J Obstet Gynaecol Res. 2014 Jun;40(6):1527-33. doi: 10.1111/jog.12396.
The aim of this study was to compare the efficacy of combined intracervical Foley catheter and low-dose vaginal misoprostol with low-dose vaginal misoprostol alone for induction of labor.
This prospective non-blinded randomized controlled trial was conducted over a 2-year period in 126 pregnant women planned for induction of labor at a tertiary care centre. Women at ≥ 28 gestational weeks with a singleton fetus in cephalic presentation, intact membranes and a Bishop score of ≤ 4 were randomized for labor induction with either a combination of Foley catheter and misoprostol or only misoprostol. The primary outcome variable was the induction-to-delivery interval between the two groups. The secondary outcome variables included rate of vaginal deliveries, uterine hyperstimulation, cesarean section rate, Apgar scores at 1 and 5 min, neonatal intensive care unit admissions and chorioamnionitis.

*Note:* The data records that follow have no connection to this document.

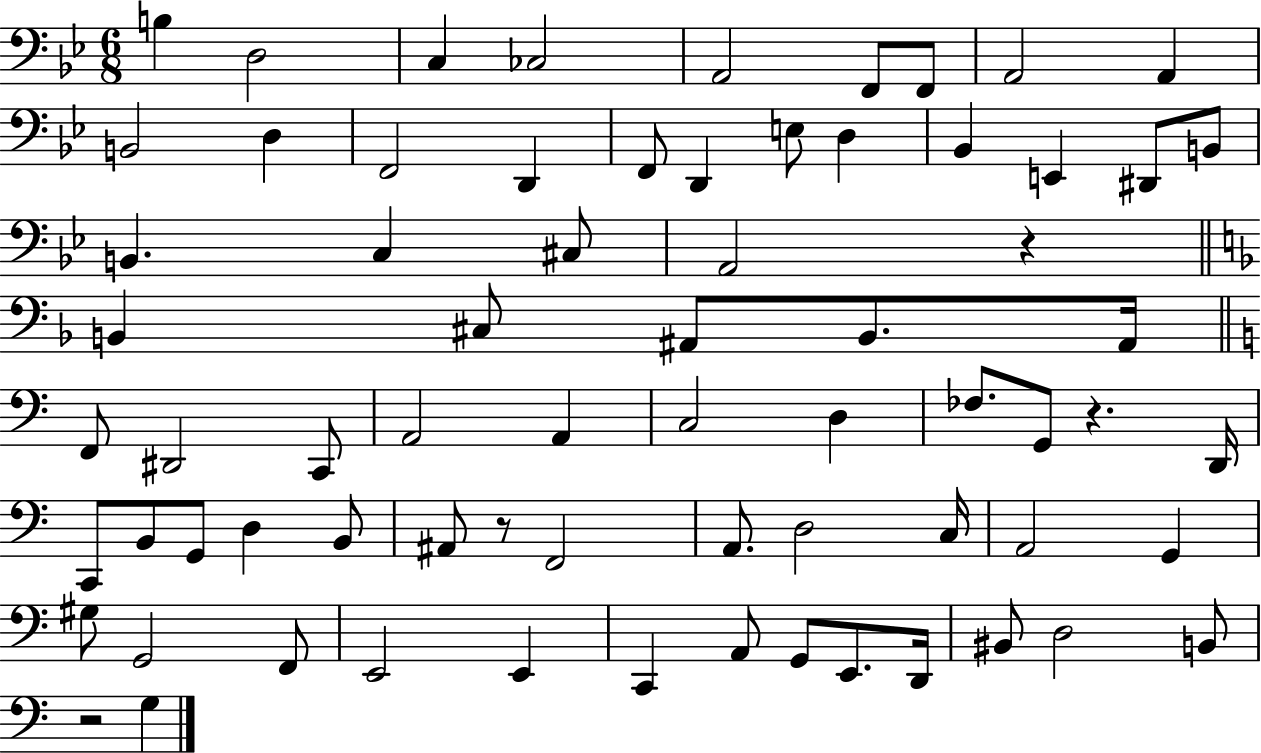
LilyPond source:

{
  \clef bass
  \numericTimeSignature
  \time 6/8
  \key bes \major
  b4 d2 | c4 ces2 | a,2 f,8 f,8 | a,2 a,4 | \break b,2 d4 | f,2 d,4 | f,8 d,4 e8 d4 | bes,4 e,4 dis,8 b,8 | \break b,4. c4 cis8 | a,2 r4 | \bar "||" \break \key f \major b,4 cis8 ais,8 b,8. ais,16 | \bar "||" \break \key c \major f,8 dis,2 c,8 | a,2 a,4 | c2 d4 | fes8. g,8 r4. d,16 | \break c,8 b,8 g,8 d4 b,8 | ais,8 r8 f,2 | a,8. d2 c16 | a,2 g,4 | \break gis8 g,2 f,8 | e,2 e,4 | c,4 a,8 g,8 e,8. d,16 | bis,8 d2 b,8 | \break r2 g4 | \bar "|."
}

The mean induction-to-delivery interval and rate of vaginal deliveries were not significantly different between the groups (26.52 h in the combination group and 27.64 h in the misoprostol group, P = 0.65; 65.07% and 65.07%, respectively, P = 0.9). Uterine hyperstimulation and meconium-stained liquor were significantly more prevalent in the misoprostol group (P = 0.001). Neonatal outcomes did not differ significantly between the groups.
The addition of Foley catheter to misoprostol did not cause any statistically significant benefit in reducing the induction-to-delivery time. However, it reduced the incidence of uterine hyperstimulation and meconium-stained liquor.

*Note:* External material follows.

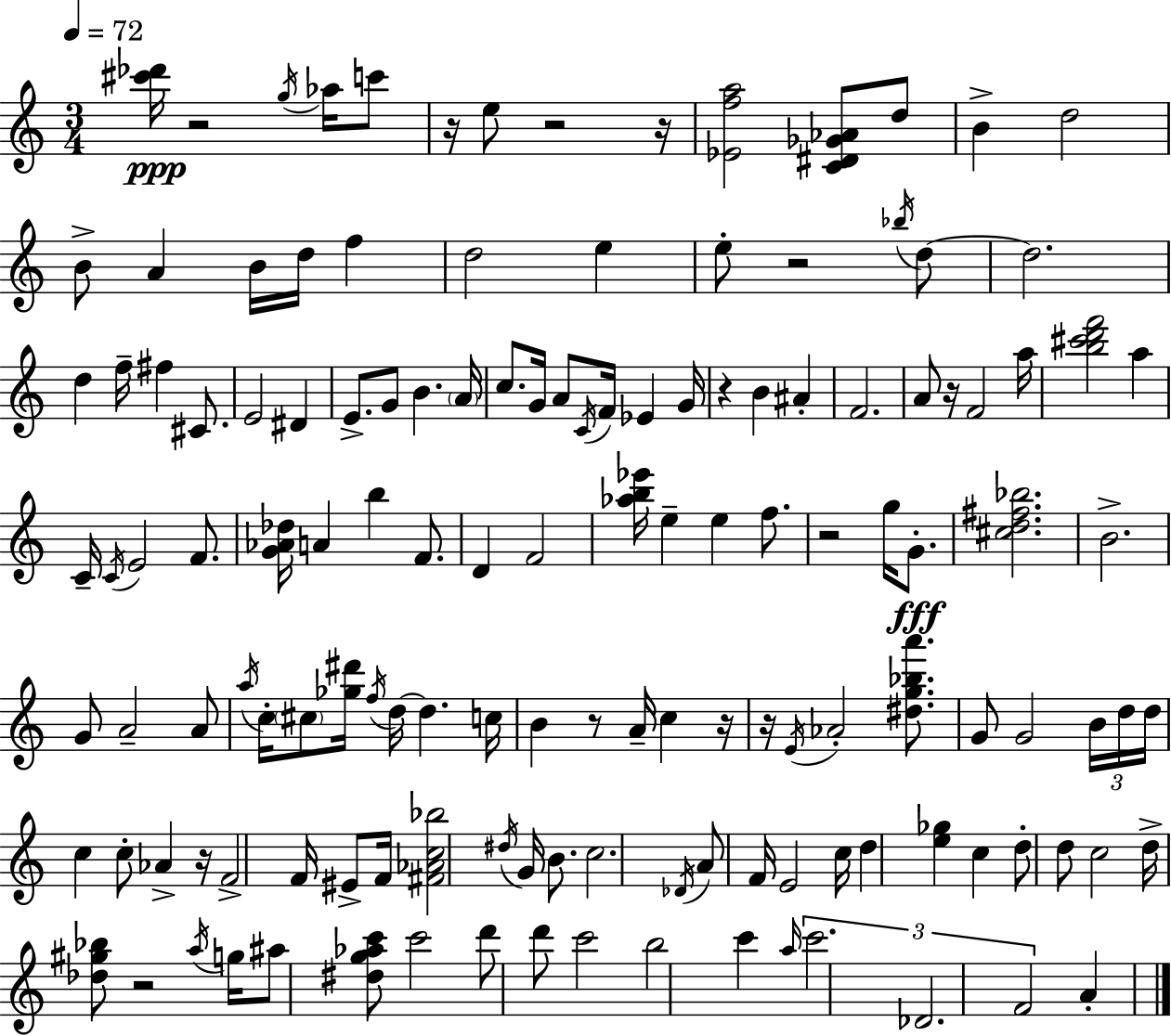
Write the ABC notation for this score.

本研究旨在比较宫颈内放置 Foley 导管联合低剂量阴道米索前列醇与单纯低剂量阴道米索前列醇引产的疗效。
这项前瞻性非盲随机对照试验在一家三级医疗中心对 126 名计划引产的孕妇进行了为期 2 年的研究。孕周≥28 周、单胎头先露、胎膜完整且 Bishop 评分≤4 的孕妇被随机分为使用 Foley 导管和米索前列醇联合引产组或仅使用米索前列醇引产组。主要结局变量是两组之间的引产至分娩间隔时间。次要结局变量包括阴道分娩率、子宫过度刺激、剖宫产率、1 分钟和 5 分钟时阿氏评分、新生儿重症监护病房入住率和绒毛膜羊膜炎。
两组之间的平均引产至分娩间隔时间和阴道分娩率无显著差异(联合组为 26.52 小时,米索前列醇组为 27.64 小时,P = 0.65;分别为 65.07%和 65.07%,P = 0.9)。米索前列醇组子宫过度刺激和羊水胎粪污染更为普遍(P = 0.001)。两组之间的新生儿结局无显著差异。
在米索前列醇基础上加用 Foley 导管在缩短引产至分娩时间方面未产生任何统计学上的显著益处。然而,它降低了子宫过度刺激和羊水胎粪污染的发生率。